YARMOUTH, Maine - Just days before the Oct. 1 deadline, some providers who have not finished the accreditation process aren't sure whether they need to voluntarily revoke their Medicare numbers.

 They do, according to accreditation officials. Only providers who voluntarily revoke their numbers can have them re-activated after becoming accredited. Those who don't will have their numbers revoked for one year.

 "Providers must do this," said Sandra Canally, president of The Compliance Team. "It's very serious."

 Providers can voluntarily revoke their numbers by filing a revised 855S Medicare enrollment application with the National Supplier Clearinghouse (NSC), accreditation officials say.

 Initially, this was news to provider Bill Lamberson. He thought only providers who chose not to become accredited by the Oct. 1 deadline had to voluntarily revoke their numbers, not providers who, like him, weren't able to get surveyed in time.

 "We just planned to not bill Medicare for a month or two until they could get to us," said Lamberson, president of Lamberson's Home Care in Duluth, Ga., who expects to be surveyed some time in October or November.

 Despite rumors, the rules are no different for providers who are in the process of becoming accredited, officials say.

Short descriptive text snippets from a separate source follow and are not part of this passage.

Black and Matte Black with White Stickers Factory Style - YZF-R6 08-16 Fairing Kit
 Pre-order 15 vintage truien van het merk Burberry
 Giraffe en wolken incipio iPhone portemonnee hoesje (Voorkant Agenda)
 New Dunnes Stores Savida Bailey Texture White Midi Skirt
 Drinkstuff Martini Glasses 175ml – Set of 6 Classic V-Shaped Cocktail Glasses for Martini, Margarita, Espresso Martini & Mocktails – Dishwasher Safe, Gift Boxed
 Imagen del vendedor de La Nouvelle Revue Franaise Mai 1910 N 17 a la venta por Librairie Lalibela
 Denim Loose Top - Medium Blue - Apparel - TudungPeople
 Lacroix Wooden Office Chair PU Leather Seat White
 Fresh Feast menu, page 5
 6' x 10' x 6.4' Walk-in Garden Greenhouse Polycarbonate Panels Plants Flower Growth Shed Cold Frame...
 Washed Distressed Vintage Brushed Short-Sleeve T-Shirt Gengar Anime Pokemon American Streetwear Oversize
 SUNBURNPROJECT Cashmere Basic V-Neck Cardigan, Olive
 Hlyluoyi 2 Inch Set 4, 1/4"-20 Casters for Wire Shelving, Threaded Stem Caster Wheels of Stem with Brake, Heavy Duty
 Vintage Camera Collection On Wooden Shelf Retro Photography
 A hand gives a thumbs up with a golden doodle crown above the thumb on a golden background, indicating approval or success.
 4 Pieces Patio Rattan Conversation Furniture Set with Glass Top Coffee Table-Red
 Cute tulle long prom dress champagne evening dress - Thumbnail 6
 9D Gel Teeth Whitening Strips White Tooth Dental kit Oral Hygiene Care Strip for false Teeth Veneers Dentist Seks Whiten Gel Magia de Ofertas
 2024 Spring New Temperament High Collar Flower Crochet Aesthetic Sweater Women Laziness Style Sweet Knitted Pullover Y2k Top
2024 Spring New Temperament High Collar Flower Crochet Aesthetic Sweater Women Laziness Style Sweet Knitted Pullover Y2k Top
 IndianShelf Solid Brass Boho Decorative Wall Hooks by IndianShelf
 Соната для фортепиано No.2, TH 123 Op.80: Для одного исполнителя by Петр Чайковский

 "You're either accredited by the deadline or you're not," said Sherry Hedrick, senior vice president of clinical compliance for ACHC. "CMS and others have made that pretty clear, and we've tried very hard to communicate that to our customers."

 Still, Lamberson's not alone, sources say.

 "There's definitely a lack of awareness out there," said Bob Weir, a surveyor.

 It's unclear how long it will take the NSC to re-activate voluntarily revoked numbers once providers become accredited.

 "My understanding, and what we've told providers, is as soon as they're surveyed, they can reapply," Hedrick said. "As soon as the NSC processes their application, they'll get an approval date and they can start billing again on that date. We don't have a definitive timeframe."

 The process could take two to four months, according to sources.

 Providers like Kelley Matusic, who planned to voluntarily revoke her number before the deadline, worry about going months without billing Medicare.

 "I'm worried about losing my customers," said Matusic, who owns Family Medical in Hurricane, West Va. "And if I'm able to keep my customers, I'm worried about interrupting their service. I don't understand why, if you've started the process, you can't get an extension."